Add one of the following lines to /etc/lighttpd/lighttpd.conf to either prevent the www subdomain or force it. You’ll need to change the code to use your domain name, of course. The redirect will preserve the page the user was visiting, e.g. the /blog/post/200 will be appended to the target domain.

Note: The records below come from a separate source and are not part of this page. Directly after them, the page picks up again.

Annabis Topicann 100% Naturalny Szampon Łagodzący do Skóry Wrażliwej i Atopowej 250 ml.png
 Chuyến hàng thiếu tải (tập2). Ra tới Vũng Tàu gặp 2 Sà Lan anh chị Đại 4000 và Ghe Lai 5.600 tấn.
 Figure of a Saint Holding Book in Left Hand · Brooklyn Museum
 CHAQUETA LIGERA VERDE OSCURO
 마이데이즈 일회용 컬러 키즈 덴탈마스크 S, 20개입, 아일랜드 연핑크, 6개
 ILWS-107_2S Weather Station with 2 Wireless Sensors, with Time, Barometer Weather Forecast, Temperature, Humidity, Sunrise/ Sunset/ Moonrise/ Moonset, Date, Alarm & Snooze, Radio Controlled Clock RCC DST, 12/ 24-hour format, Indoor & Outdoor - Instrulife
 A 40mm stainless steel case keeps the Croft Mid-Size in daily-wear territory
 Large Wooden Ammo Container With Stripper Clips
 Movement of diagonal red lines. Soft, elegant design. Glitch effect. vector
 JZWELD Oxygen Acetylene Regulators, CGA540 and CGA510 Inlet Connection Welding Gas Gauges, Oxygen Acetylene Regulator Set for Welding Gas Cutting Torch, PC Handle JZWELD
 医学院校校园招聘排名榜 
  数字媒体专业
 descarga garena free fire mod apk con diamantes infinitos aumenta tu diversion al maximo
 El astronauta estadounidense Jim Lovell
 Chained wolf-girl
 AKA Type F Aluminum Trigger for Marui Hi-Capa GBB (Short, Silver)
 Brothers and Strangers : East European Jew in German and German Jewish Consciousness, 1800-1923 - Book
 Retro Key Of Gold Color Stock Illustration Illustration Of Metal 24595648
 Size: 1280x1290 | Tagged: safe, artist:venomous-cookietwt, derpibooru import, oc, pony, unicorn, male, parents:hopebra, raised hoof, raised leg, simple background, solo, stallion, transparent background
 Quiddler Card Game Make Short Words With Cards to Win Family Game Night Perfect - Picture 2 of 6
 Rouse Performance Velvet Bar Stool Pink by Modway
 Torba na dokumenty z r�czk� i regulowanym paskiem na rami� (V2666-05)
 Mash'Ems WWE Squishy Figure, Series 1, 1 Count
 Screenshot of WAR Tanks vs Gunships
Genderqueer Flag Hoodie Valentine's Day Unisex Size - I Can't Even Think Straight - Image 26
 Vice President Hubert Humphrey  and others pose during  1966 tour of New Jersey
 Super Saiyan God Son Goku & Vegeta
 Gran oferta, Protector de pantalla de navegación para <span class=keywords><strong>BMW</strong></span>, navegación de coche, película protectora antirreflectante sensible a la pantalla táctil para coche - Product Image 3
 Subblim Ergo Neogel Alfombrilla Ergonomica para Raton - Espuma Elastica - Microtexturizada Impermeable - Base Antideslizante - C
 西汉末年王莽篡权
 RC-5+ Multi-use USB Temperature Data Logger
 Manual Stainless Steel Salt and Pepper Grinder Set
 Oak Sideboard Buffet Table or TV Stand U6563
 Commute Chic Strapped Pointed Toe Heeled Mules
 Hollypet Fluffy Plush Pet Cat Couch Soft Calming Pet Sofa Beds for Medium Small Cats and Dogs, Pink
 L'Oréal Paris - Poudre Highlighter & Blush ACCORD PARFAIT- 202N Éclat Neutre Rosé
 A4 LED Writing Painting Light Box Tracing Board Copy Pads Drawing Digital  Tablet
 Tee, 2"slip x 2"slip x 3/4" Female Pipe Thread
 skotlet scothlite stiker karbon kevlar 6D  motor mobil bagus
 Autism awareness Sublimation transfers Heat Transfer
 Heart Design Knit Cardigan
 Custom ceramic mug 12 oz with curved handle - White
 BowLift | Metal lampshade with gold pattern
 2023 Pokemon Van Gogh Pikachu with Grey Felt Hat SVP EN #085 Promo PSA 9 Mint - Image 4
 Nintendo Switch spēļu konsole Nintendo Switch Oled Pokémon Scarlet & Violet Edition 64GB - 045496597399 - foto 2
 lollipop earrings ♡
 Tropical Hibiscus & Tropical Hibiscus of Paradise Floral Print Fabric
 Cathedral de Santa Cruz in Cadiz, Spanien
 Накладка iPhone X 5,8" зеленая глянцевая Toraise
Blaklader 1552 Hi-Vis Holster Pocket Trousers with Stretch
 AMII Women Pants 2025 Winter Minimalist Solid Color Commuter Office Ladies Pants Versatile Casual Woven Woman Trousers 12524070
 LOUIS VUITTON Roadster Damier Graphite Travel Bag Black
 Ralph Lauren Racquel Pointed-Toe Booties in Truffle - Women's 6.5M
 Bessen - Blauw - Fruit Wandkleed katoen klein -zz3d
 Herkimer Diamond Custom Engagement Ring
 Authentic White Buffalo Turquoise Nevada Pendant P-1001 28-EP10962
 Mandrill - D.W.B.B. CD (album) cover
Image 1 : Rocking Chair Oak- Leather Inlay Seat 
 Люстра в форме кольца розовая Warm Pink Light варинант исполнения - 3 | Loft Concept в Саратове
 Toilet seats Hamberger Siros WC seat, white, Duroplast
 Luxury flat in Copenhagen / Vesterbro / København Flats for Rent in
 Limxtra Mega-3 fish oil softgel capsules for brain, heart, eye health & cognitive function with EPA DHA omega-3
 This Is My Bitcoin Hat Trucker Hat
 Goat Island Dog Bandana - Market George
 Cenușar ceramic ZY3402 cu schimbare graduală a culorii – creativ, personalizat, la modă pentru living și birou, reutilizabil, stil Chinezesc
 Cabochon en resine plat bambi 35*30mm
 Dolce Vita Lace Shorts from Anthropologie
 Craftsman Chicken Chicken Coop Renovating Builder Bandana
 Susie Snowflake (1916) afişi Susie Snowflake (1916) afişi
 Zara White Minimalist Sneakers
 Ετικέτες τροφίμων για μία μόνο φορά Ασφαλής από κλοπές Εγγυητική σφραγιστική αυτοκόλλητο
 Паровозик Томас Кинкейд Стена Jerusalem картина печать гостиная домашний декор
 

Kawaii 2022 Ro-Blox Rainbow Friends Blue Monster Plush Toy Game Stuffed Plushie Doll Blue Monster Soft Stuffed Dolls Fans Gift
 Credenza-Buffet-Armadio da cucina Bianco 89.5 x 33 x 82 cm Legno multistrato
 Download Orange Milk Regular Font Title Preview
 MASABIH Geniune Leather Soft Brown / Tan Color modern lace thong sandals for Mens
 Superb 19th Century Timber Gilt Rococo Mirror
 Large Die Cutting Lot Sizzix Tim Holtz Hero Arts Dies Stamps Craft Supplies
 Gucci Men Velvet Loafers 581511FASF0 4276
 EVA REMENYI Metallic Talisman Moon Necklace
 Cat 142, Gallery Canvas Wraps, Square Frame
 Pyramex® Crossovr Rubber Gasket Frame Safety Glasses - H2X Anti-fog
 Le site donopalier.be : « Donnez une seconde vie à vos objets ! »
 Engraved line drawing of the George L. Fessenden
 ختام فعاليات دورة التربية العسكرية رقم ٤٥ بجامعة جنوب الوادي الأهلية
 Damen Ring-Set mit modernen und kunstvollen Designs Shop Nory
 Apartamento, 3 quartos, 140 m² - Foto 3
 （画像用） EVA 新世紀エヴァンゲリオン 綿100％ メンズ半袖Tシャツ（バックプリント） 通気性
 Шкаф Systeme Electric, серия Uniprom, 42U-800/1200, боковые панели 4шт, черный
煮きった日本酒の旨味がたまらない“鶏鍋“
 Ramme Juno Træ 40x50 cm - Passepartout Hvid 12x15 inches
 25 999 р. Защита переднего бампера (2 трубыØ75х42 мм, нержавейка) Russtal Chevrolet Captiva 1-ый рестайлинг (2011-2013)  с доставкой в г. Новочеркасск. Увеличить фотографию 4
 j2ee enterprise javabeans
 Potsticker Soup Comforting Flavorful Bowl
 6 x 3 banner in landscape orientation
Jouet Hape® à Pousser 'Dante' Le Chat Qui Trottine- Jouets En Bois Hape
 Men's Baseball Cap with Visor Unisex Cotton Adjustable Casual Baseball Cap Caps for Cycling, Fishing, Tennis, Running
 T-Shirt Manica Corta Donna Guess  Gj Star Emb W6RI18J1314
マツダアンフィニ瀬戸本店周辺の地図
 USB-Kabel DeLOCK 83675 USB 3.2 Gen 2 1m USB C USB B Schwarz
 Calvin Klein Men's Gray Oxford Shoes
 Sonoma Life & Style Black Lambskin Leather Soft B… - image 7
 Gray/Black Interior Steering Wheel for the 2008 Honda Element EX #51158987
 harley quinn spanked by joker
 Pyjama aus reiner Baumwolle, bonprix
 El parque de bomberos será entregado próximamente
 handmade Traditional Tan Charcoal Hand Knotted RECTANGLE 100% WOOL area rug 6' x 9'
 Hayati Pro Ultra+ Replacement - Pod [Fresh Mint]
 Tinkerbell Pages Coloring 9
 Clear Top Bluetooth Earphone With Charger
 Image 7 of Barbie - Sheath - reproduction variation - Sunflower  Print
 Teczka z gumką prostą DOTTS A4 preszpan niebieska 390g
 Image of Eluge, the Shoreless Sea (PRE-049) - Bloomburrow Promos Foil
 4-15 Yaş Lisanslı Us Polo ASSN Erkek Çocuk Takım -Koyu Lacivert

Why would someone want to prevent or force the subdomain? Well, if someone logs into your website using one domain, their cookie’s might not be available on the other. Also, having the same pages accessible with two different URLs can ding you in SEO points (unless you use the canonical tag). If someone loads a resource on one of the domains (such as an image), it will need to be re-downloaded on the other domain.

# Disable WWW Subdomain
$HTTP["host"] =~ "^www.(.*)" {
    url.redirect = (
        "^/(.*)" => "http://%1/$1"
    )
}

# Force WWW Subdomain
$HTTP["host"] =~ "^example.com$" {
    url.redirect = (
        "^/(.*)" => "http://www.example.com/$1"
    )
}

3 Responses to “Force or Prevent WWW subdomain with lighttpd”

  1. You forgot to escape the dots in the hosts.

    Reply
  2. Hi, im having the exact problem, had some problem at beggining and google created infinite number of links to my website, such as:
    http://www.www.firsatpedia.com ,www.x.xx.firsatpedia.com and so on.
    I used colonical later but problem and crawling still occurs, how can I just not respond those sub domains?
    I used ur above code without deleting old one but it produced some weird redirctions.
    http://www.firsatpedia.com

    # firsatpedia
    $HTTP["host"] =~ "(^|\.)firsatpedia\.com$" {
        fastcgi.server = (
            "/django.fcgi" => (
                "main" => (
                    "socket" => env.HOME + "/firsatpedia/firsatpedia.sock",
                    "check-local" => "disable",
                )
            ),
        )
        alias.url = (
            "/media" => env.HOME + "/firsatpedia/firsatpedia/media",
            "/static" => env.HOME + "/firsatpedia/firsatpedia/static",
        )
    
        url.rewrite-once = (
            "^(/media.*)$" => "$1",
            "^(/static.*)$" => "$1",
            "^/favicon\.ico$" => "/media/favicon.ico",
            "^(/.*)$" => "/django.fcgi$1",
        )
    }
    Reply
    • Perhaps try something like this:

      $HTTP["host"] =~ "^(www\.)?firsatpedia\.com$" {

      Notice the caret (^) at the beginning, which matches from the beginning of the host string. Your example was missing it, and was saying, match from either the beginning of the string or from a period.